The vapour pressure of liquid methanol at $50$ is $55.5kPa$. The statements A, B and C are correct for equilibrium reaction attained in a vessel of 5 litre at $50$ for
$C{H}_{3}OH\left(l\right)\rightleftharpoons C{H}_{3}OH\left(g\right)$

(A) $K_p=55.5kPa$.

The equilibrium constant in terms of partial pressures is equal to the partial pressure of methanol which is 55.5 kPa. Note: The active masses of solids and liquids are assumed unity.

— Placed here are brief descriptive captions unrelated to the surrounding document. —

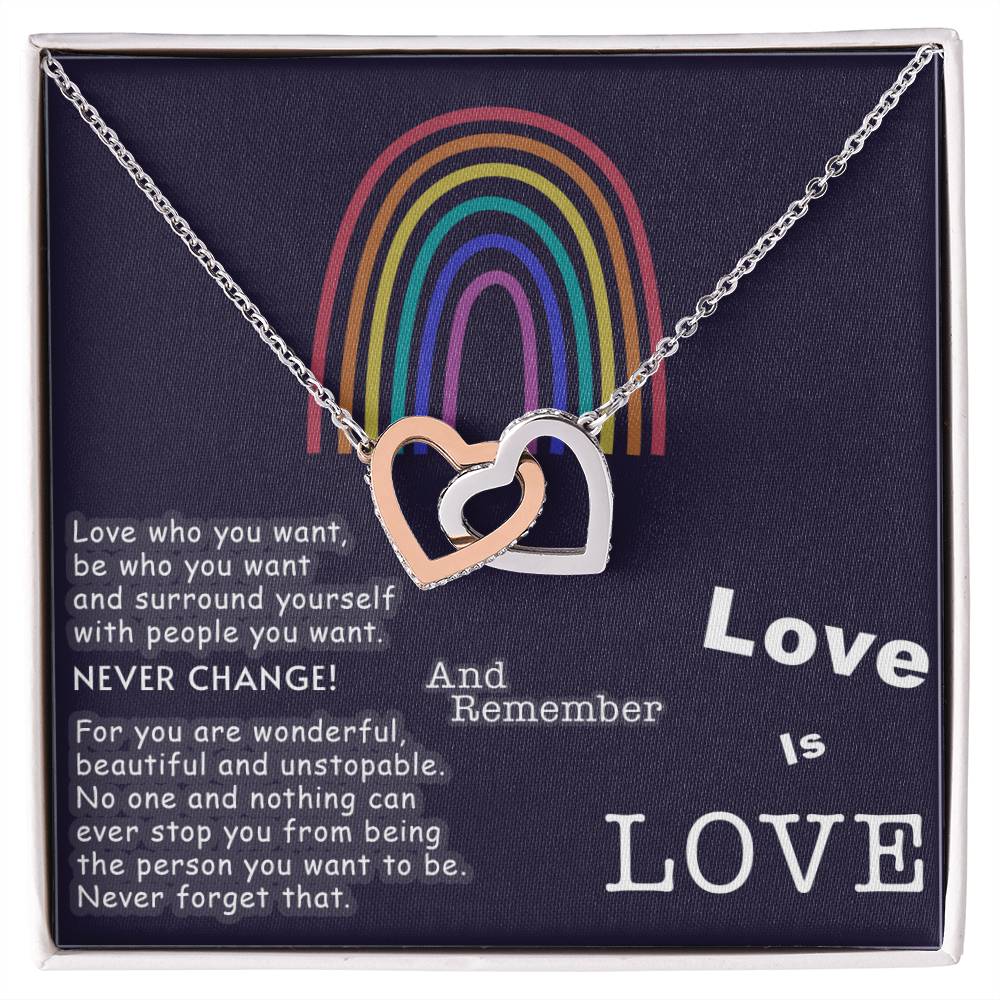 Lesbian Jewelry Lesbian Pride Necklace Lesbian Gift For Girlfriend Lesbian Couple Gift Lgbt Couple Gift Gift For Gay Pride Girlfriend Interlocking Hearts Necklace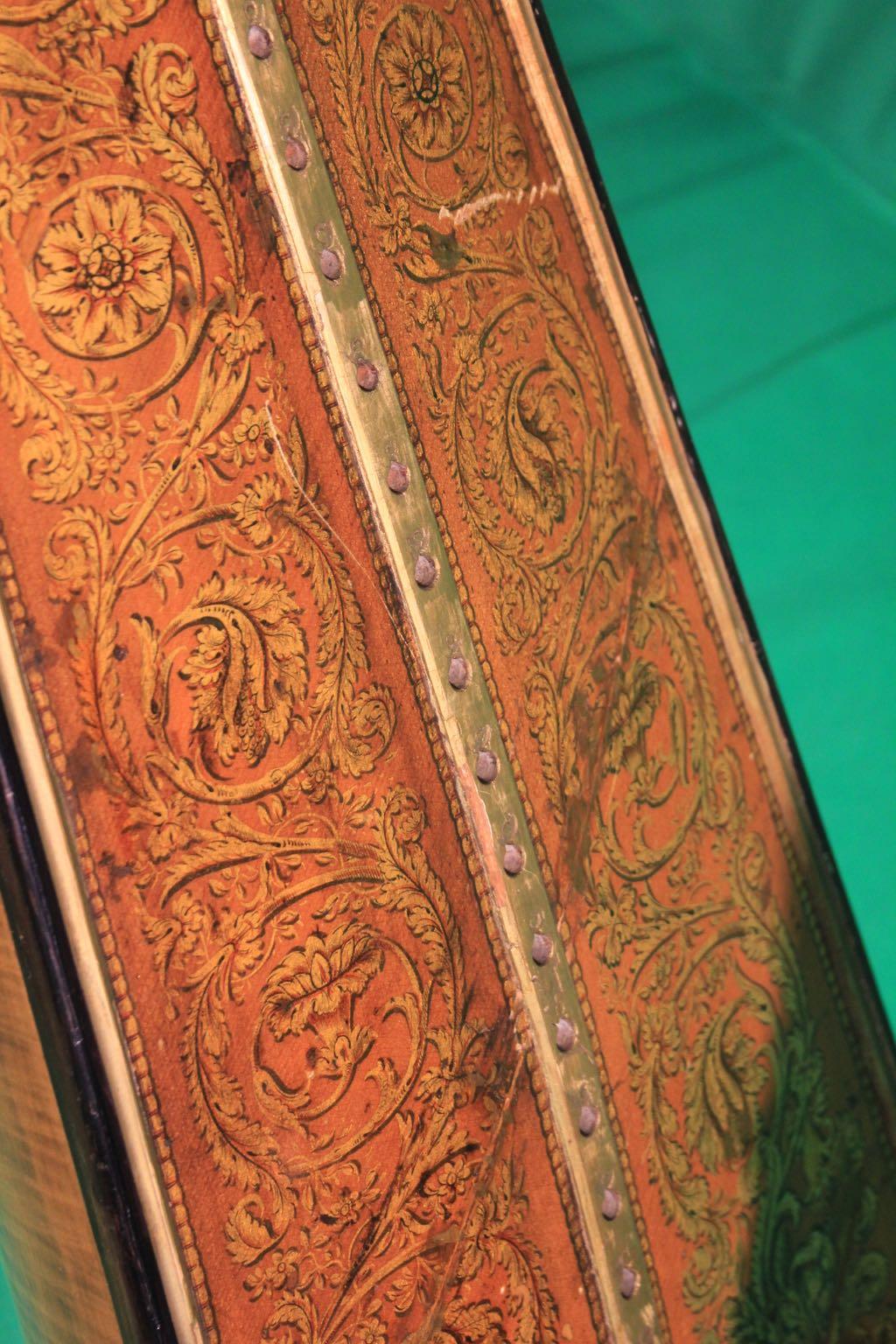 Painted 19th Century Regency Gilt Wood and Maple English Harp I&I Erat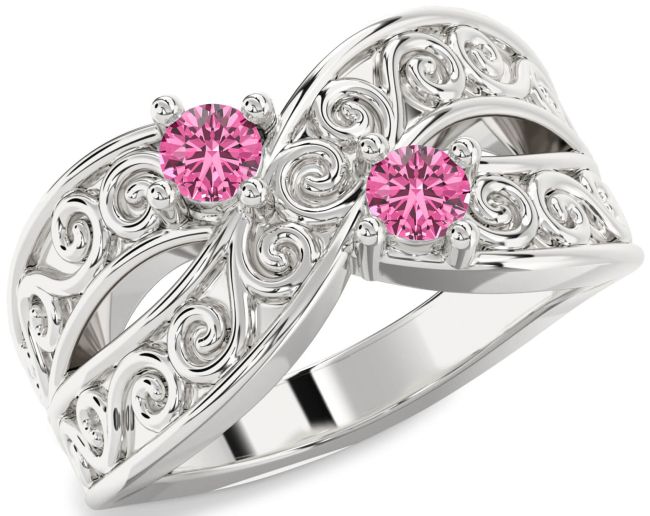 Pink Sapphire Silver Infinity Knot Round Two Stone Ring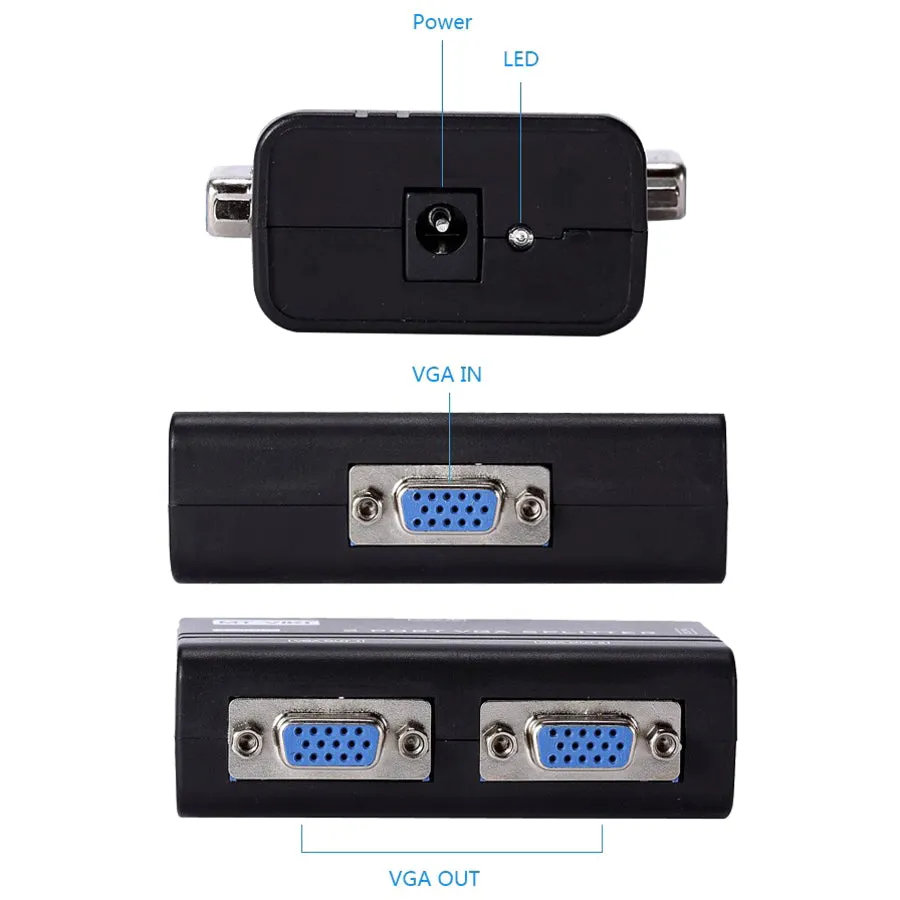 4Xem 2-Port Vga Splitter 250 Mhz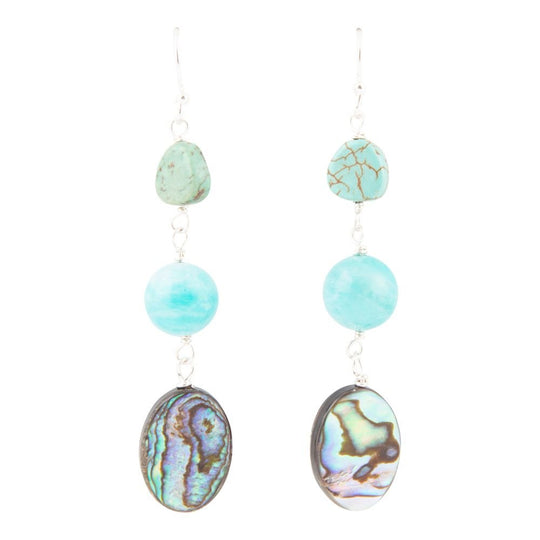 Multicolor Abalone and Blue Magnesite Sterling Silver Drop Earrings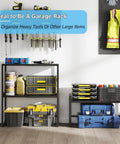 Expandable 110 Lbs Heavy Duty Metal Shelving Unit For Pots N Pans, Microwave And Small Appliances, filled with tools in garage.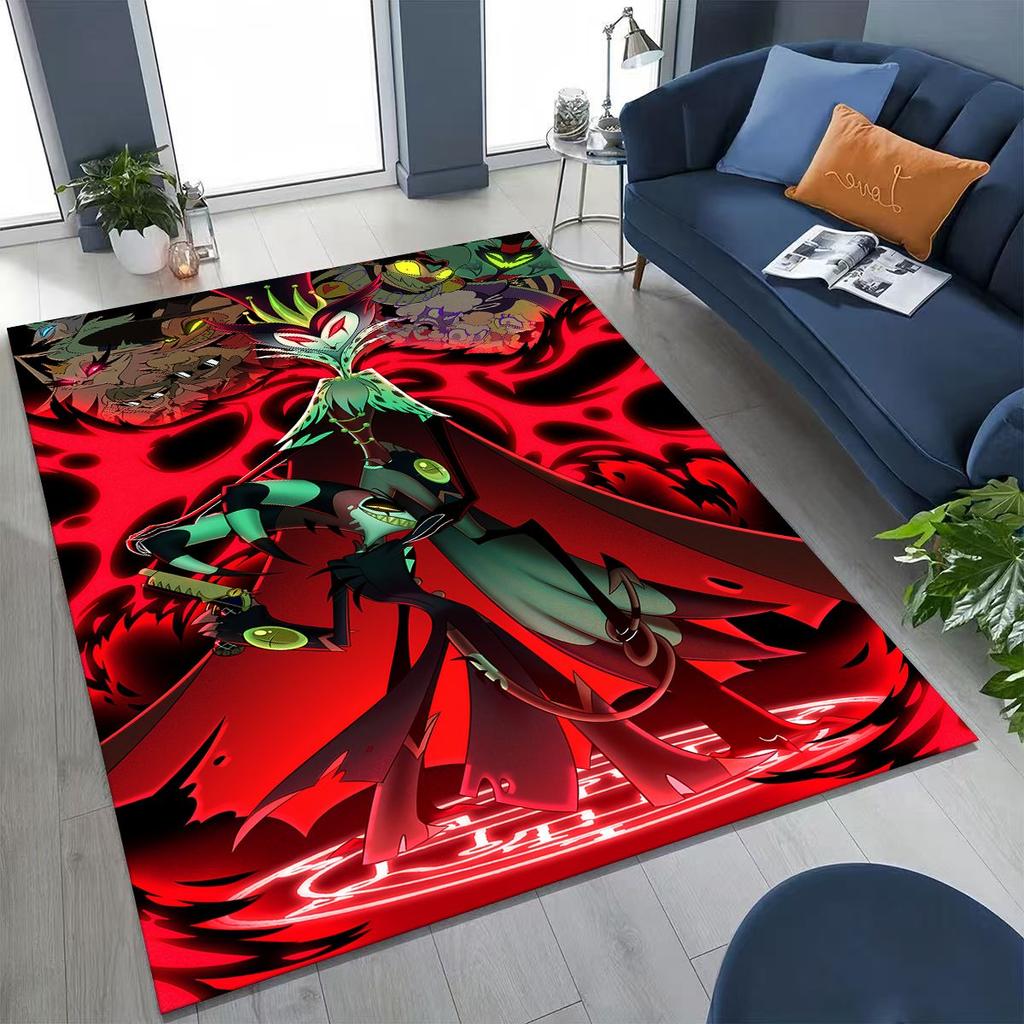 Alfombra de Dibujos Animados 3D H-Helluva Boss Blitzo H-Hazbin Hotel para Dormitorio Sala de Estar Sofá Decoración de Felpudo para el Hogar, Alfombra Antideslizante para el Suelo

(B) $K_c=2.067mol{litre}^{-1}$

$K_p=55.5kPa=0.555atm$

$K_p=K_c(RT{)}^{\Delta n}$

$R=0.08206Latm/mol/K$

$0.555=K_c\times (0.08206\times 323{)}^1$

$K_c=0.021mol{litre}^{-1}$

(C) $K^0=0.555$. It is the ratio of the partial pressure of methanol to the partial pressure of methanol in its standard state. It is $\frac{55.5}{100}=0.555$

Equilibrium constant expressed in terms of relative activity (i.e., the activity of substance relative to its activity in standard state) has no unit

This is because relative activity is the ratio of two quantities having same units. Hence, relative activity is dimensionless.